EXERCISE OBJECTIVE:
Without pictures, output exactly the lines running from the line containing "Mardi Gras Funny" to the end of the listing below.
☆ ☆ ☆
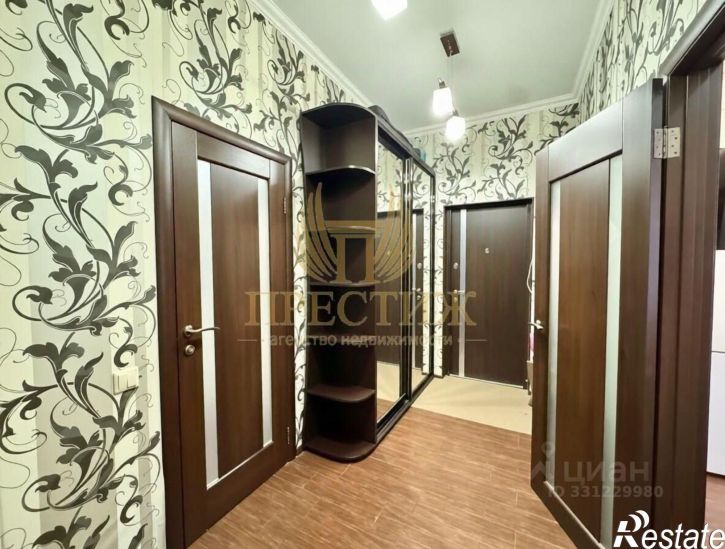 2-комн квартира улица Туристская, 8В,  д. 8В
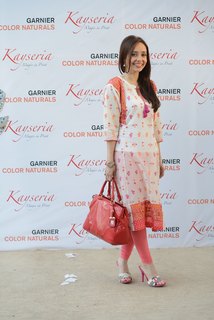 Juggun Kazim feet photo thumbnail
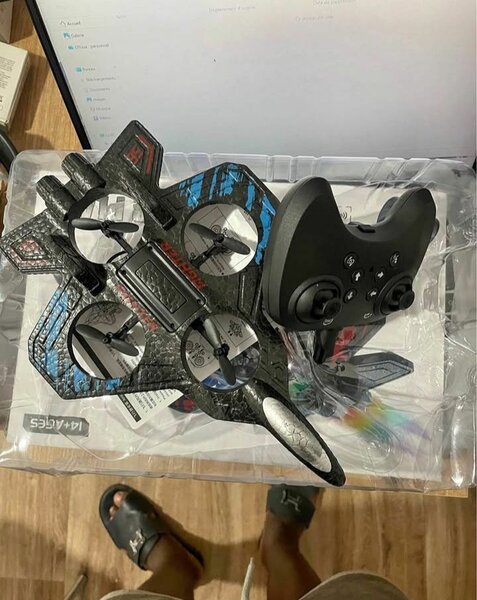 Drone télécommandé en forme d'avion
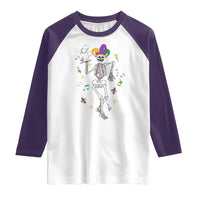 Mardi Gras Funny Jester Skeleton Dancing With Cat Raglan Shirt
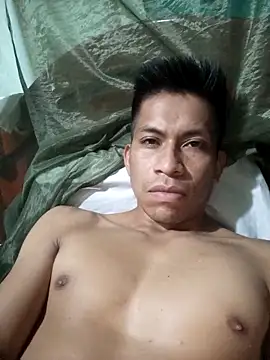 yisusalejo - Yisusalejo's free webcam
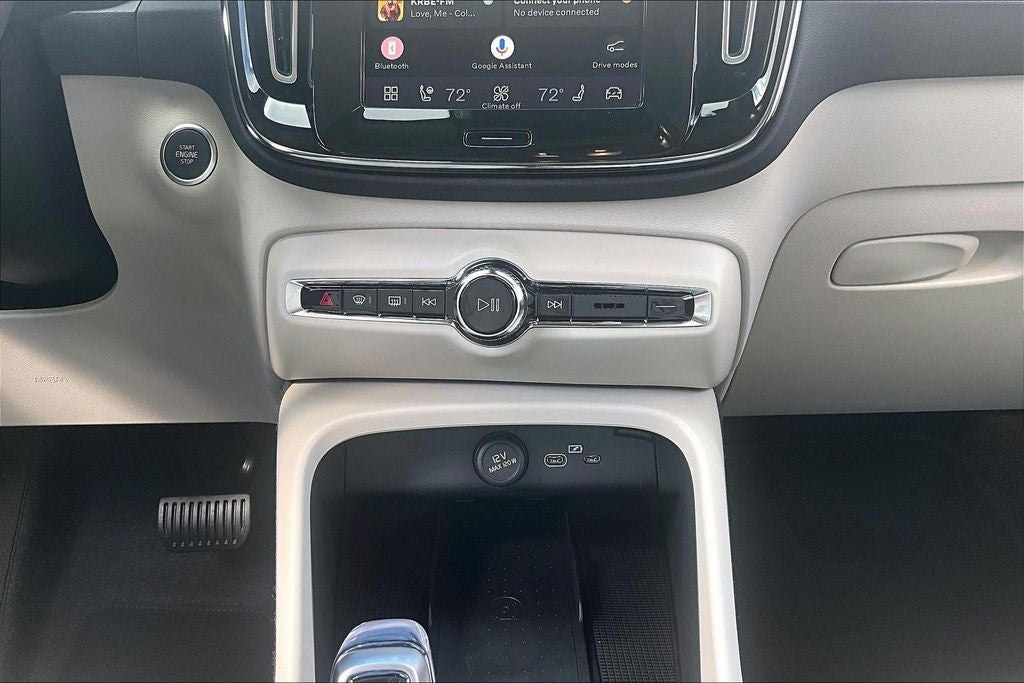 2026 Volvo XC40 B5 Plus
☆ ☆ ☆
WRITTEN ANSWER:
 Mardi Gras Funny Jester Skeleton Dancing With Cat Raglan Shirt
 yisusalejo - Yisusalejo's free webcam
 2026 Volvo XC40 B5 Plus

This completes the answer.